LA FRENCH TOUCH DANS LA CHANSON JAZZ

Parmi les auteurs et compositeurs français qui ont su - ou pu - apporter au jazz et à la chanson française un rayonnement international, citons surtout Michel Legrand dont la carrière jazz à été émaillé de musiques de films et de chansons à succès – les deux étant souvent liés. Mentionnons les incontournables L’été 42 (The Summer Knows), Les moulins de mon cœur (The Windmills Of Your Mind), ou le langoureux Watch What Happens qui, sous les doigts d’un Count Basie ou mieux encore d’un Quincy Jones, est capable de vous transmettre autant d’émotions que de frissons.

N’oublions pas Charles Trenet dont certaines chansons ont eu un pied, sinon les deux dans le jazz.

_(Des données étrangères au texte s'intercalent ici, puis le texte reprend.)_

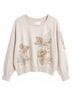 Anthropologie Floral Pink Ivory Pullover Sweater Size XL - photo 3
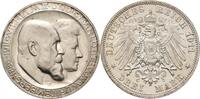 Württemberg Wilhelm II. 1891-1918 3 Mark 1911 F Min. Kr., vz-St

La mer (Beyond The Sea) bien entendu, qui comptabilise à ce jour plus de 200 versions, mais également Douce France (écrite par Trenet et composée par Léo Chauliac en 1943) qui va si bien à la french touch d’un Ray Ventura et d’un Jacques Hélian. Mais la chanson française, celle qui récolte vraiment tous les lauriers, ne peut être que Les Feuilles Mortes (Automn Leaves)…

Infatigable, inusable, interminable, les superlatifs abondent quand on évoque la chanson écrite par Prévert et Kosma. Une fois encore, c’est le cinéma qui nous permet de la découvrir. Dans le film Les portes de la nuit, réalisé par Marcel Carné en 1946, le jeune Yves Montand chantonne quelques vers dans un café le cœur bien serré. Rien à l’écoute ne laisse supposer que cette chanson triste, sombre, allait devenir auprès des jazzmen français et américain un modèle de référence, un morceau d’apprentissage dans les écoles de jazz.

Cependant, il ne faut pas imaginer que n'importe quelle chanson pourrait, comme Les feuilles mortes, devenir un jour un standard de jazz, certainement pas ! Car, généralement en improvisation, ce n’est pas tant la mélodie qui l'emporte, mais les suites d’accords qui l’accompagnent. Dans leur logique, ils doivent permettre au jazzman de s’épanouir librement. Pour lui c'est essentiel. Bien évidemment, si les harmonies conviennent aux improvisateurs et si, de plus, elles servent une très jolie mélodie, alors la chanson aura toutes les chances de devenir célèbre et d'appartenir au cercle si exclusif et convoité du standard.